3. Patient D7 was admitted on 5/17/12. The Master Treatment Plan (MTP) dated 9/30/15 stated the following generic or routine clinical functions for the identified problem of "Huntington's Disease, cognitive deficits such as difficulty with memory, executive functioning, and motor functioning including physical impulse control:" "Social worker [sic] will work with [patient name] to develop an appropriate plan when discharge is appropriate and recommended by the treatment team."
4. Patient J5 was admitted on 4/02/15. The Master Treatment Plan (MTP) dated 9/24/15 stated the following generic or routine clinical functions for the identified problem of "Thoughts and emotions related to cycle of sexually offending:" "Social worker [staff name] will meet monthly with [patient name] to help assist [patient name] in learning the program rules and adjusting to the facility [sic]."
5. Patient L2 was admitted on 11/03/14. The Master Treatment Plan (MTP) dated 9/18/15 stated the following generic or routine clinical functions for the identified problem of "Thoughts and emotions related to patient's [sic] cycle of sexually offending:" "Social worker [staff name] will meet monthly with [patient name] to help [patient name] in identifying coping skills to manage [patient name] emotions and triggers."
6. Patient L3 was admitted on 7/01/06. The Master Treatment Plan (MTP) dated 8/25/15 stated the following generic or routine clinical functions for the identified problem of "Thoughts and emotions related to [patient name] cycle of sexually offending:" "Social worker [staff name] will meet with [patient name] monthly in order to discuss needs related to discharge planning, including the role that effort in treatment will play in moving him closer to target."
7. Patient P7 was admitted on 10/05/14. The Master Treatment Plan (MTP) dated 10/05/14 stated the following generic or routine clinical functions for the identified problem of "history of paranoia [sic] as well as experiencing auditory hallucinations and mood inconsistencies...:" "Social work [staff name] will meet with patient on Fridays for ten minutes to assist with maintaining community supports. "
B. Document Review
Clinical Services Policy 25-6, titled Comprehensive Individualized Treatment Plan, dated 3/12/15 states, "These are the actions staff will perform....to increase, decrease or alter behavior and assist the patient to achieve the short-term goal.

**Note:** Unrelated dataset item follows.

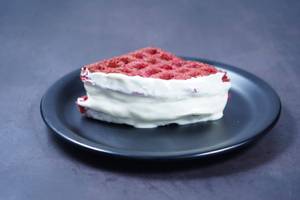 Red Velvet Waffle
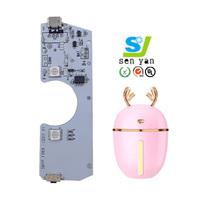 Mini petits diffuseurs d'arômes portables personnalisés Humidificateurs rechargeables Pcba Usb Fournisseur de fabrication de circuits imprimés Pcb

The staff methods/interventions should state the name and discipline of the staff doing the intervention, the frequency and duration of the intervention (specific for day/time) as well as the intervention utilized...."
C. Interviews
During an interview on 10/20/15 at 1:30 p.m., the Social Work Director acknowledged that active treatment interventions on patients ' treatment plans were generic and general.